29 June 2009

Dynamically add Cluster data nodes using Solaris SMF

As a follow on to my previous post on using Solaris SMF to manage Cluster, I'll expand my setup and show how to dynamically add data nodes to Cluster and control the new nodes with SMF.
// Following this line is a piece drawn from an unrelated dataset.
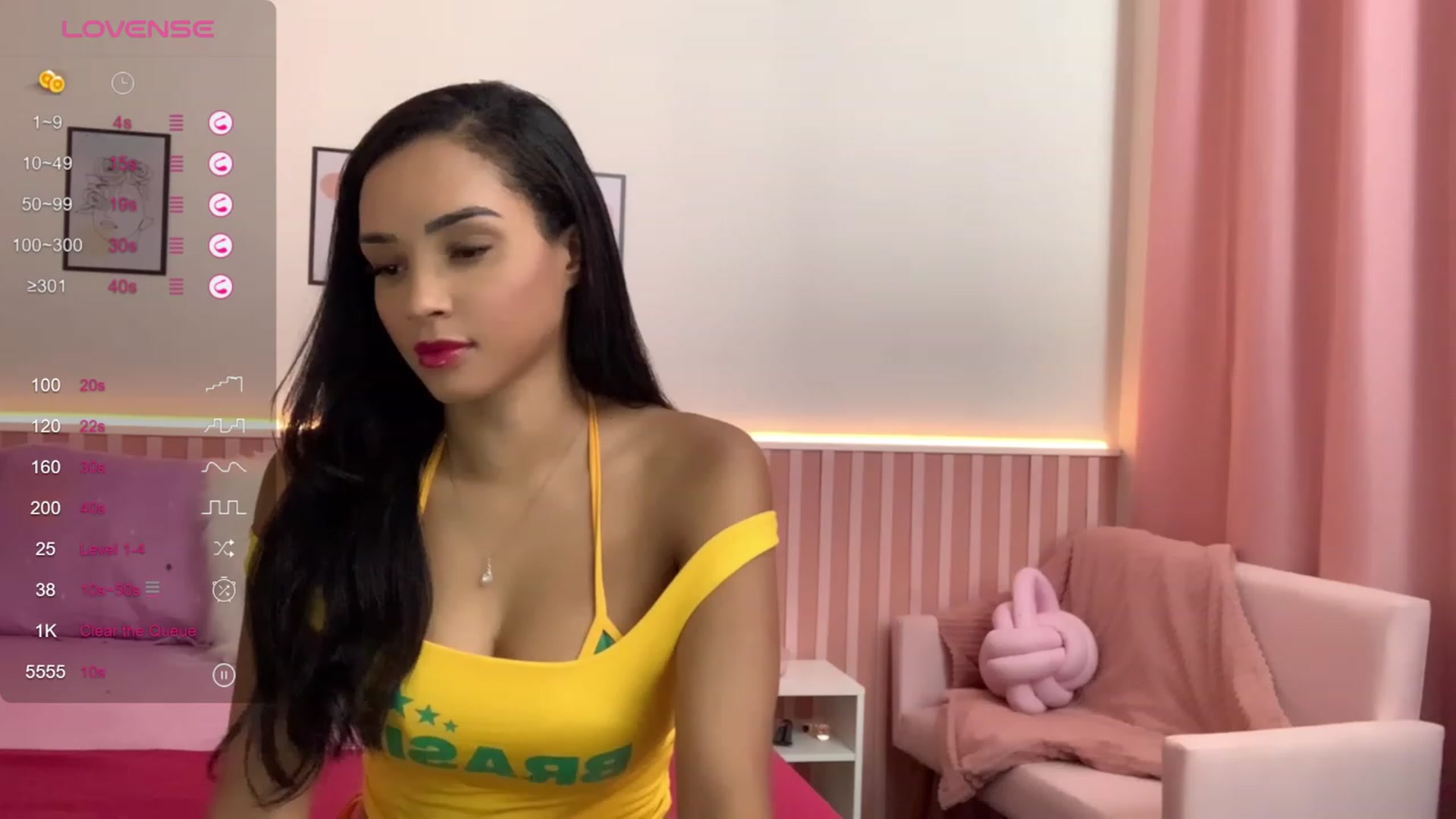 Gallery image thumbnail from Helen9g38's myfreecams stream on, 02/08/2024, 19:21 image 10 of 20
First, the setup. Since I wanted something that would run completely on my laptop, I decided to clone my current OpenSolaris VM (hostname = craigOS_0609) to create a second "machine" (hostname = craigOS_0609_vm2). Thought this would be easy and it was, except for the networking piece. When I just had a single VM, NAT worked fine. However, trying to use two VMs of OpenSolaris with NAT turned out to be problematic. They both ended up with a 10.0.2.15 IP address. Researched it a bit and didn't find anything definitive but did see that bridged networking might be the way to go. Well, after futzing with it for a day or so, it turned out that simply setting both VMs to use bridged networking allowed each to obtain an IP address from my router and have both VMs communicating with no problems.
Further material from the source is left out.